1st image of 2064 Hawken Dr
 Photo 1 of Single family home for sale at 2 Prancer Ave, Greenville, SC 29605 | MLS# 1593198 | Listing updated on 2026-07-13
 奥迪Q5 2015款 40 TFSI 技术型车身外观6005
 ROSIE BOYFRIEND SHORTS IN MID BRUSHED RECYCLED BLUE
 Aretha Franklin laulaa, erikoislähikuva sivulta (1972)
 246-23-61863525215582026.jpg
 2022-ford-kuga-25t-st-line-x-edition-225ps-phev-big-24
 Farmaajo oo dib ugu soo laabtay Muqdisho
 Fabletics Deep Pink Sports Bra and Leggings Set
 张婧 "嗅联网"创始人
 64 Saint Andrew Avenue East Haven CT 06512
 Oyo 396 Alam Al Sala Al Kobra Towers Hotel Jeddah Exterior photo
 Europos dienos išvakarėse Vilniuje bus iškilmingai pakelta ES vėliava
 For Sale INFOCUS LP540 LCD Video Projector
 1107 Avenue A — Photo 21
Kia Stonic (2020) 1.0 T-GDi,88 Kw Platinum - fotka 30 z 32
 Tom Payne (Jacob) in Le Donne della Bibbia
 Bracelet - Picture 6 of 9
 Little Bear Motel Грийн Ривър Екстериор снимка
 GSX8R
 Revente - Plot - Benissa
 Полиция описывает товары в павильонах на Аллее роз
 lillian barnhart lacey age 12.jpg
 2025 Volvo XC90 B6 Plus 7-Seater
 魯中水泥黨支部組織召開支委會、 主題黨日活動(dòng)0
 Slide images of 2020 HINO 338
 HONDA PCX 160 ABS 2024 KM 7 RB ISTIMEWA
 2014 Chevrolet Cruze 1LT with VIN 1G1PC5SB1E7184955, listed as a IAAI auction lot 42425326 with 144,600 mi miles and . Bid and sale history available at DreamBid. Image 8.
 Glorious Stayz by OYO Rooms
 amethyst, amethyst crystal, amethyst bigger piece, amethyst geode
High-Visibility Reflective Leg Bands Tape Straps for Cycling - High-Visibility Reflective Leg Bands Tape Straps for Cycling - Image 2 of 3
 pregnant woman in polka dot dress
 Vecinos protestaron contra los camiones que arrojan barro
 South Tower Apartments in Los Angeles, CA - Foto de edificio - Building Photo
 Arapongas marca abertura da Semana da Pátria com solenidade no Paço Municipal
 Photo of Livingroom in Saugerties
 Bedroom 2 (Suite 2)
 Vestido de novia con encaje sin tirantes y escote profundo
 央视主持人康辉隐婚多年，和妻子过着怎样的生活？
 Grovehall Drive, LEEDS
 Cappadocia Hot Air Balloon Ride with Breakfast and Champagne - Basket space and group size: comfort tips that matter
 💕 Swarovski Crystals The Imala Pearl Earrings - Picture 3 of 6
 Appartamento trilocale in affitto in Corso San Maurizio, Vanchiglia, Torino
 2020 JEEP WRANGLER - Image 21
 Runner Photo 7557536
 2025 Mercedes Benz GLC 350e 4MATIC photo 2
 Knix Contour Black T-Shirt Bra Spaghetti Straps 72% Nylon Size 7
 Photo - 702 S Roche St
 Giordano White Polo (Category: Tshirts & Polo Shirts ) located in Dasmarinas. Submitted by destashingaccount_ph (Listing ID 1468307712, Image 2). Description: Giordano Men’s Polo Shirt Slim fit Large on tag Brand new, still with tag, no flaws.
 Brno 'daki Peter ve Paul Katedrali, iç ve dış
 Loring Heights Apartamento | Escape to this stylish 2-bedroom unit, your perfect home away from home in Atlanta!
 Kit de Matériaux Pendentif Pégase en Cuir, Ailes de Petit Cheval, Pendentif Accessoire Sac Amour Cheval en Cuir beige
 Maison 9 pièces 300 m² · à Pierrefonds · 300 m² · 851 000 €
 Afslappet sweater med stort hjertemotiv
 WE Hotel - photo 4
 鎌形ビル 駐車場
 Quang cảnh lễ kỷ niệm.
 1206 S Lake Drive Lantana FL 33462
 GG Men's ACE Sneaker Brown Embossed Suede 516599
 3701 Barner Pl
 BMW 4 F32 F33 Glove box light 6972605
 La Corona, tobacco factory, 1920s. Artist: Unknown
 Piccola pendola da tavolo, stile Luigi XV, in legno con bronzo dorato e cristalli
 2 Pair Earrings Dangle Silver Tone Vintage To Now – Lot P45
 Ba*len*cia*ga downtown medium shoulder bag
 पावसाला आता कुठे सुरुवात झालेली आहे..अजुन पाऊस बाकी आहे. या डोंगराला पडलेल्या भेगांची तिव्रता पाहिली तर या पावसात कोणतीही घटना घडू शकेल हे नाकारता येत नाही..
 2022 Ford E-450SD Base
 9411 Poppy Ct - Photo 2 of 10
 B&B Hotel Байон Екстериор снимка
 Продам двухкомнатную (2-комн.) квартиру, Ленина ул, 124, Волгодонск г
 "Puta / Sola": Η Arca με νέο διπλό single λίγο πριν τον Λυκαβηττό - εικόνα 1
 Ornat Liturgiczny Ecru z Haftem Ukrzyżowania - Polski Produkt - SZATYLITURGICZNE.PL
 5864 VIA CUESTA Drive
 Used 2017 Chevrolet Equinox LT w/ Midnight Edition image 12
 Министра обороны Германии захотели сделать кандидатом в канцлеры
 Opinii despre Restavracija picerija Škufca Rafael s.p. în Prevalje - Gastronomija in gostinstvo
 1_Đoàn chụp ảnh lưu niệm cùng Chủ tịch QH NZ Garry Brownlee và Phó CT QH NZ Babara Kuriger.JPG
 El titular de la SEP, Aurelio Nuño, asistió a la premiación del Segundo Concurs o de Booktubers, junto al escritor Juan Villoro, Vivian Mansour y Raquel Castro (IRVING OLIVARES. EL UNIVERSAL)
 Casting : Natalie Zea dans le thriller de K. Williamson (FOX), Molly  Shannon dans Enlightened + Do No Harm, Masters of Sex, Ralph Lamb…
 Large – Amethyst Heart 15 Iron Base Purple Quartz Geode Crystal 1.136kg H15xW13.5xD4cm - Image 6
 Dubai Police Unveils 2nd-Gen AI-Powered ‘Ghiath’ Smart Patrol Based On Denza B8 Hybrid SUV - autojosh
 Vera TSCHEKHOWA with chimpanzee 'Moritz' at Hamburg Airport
-- -- --
### Assigned task
Print the records verbatim, stopping after the "Bedroom 2 (Suite 2)" line.

### Result
1st image of 2064 Hawken Dr
 Photo 1 of Single family home for sale at 2 Prancer Ave, Greenville, SC 29605 | MLS# 1593198 | Listing updated on 2026-07-13
 奥迪Q5 2015款 40 TFSI 技术型车身外观6005
 ROSIE BOYFRIEND SHORTS IN MID BRUSHED RECYCLED BLUE
 Aretha Franklin laulaa, erikoislähikuva sivulta (1972)
 246-23-61863525215582026.jpg
 2022-ford-kuga-25t-st-line-x-edition-225ps-phev-big-24
 Farmaajo oo dib ugu soo laabtay Muqdisho
 Fabletics Deep Pink Sports Bra and Leggings Set
 张婧 "嗅联网"创始人
 64 Saint Andrew Avenue East Haven CT 06512
 Oyo 396 Alam Al Sala Al Kobra Towers Hotel Jeddah Exterior photo
 Europos dienos išvakarėse Vilniuje bus iškilmingai pakelta ES vėliava
 For Sale INFOCUS LP540 LCD Video Projector
 1107 Avenue A — Photo 21
Kia Stonic (2020) 1.0 T-GDi,88 Kw Platinum - fotka 30 z 32
 Tom Payne (Jacob) in Le Donne della Bibbia
 Bracelet - Picture 6 of 9
 Little Bear Motel Грийн Ривър Екстериор снимка
 GSX8R
 Revente - Plot - Benissa
 Полиция описывает товары в павильонах на Аллее роз
 lillian barnhart lacey age 12.jpg
 2025 Volvo XC90 B6 Plus 7-Seater
 魯中水泥黨支部組織召開支委會、 主題黨日活動(dòng)0
 Slide images of 2020 HINO 338
 HONDA PCX 160 ABS 2024 KM 7 RB ISTIMEWA
 2014 Chevrolet Cruze 1LT with VIN 1G1PC5SB1E7184955, listed as a IAAI auction lot 42425326 with 144,600 mi miles and . Bid and sale history available at DreamBid. Image 8.
 Glorious Stayz by OYO Rooms
 amethyst, amethyst crystal, amethyst bigger piece, amethyst geode
High-Visibility Reflective Leg Bands Tape Straps for Cycling - High-Visibility Reflective Leg Bands Tape Straps for Cycling - Image 2 of 3
 pregnant woman in polka dot dress
 Vecinos protestaron contra los camiones que arrojan barro
 South Tower Apartments in Los Angeles, CA - Foto de edificio - Building Photo
 Arapongas marca abertura da Semana da Pátria com solenidade no Paço Municipal
 Photo of Livingroom in Saugerties
 Bedroom 2 (Suite 2)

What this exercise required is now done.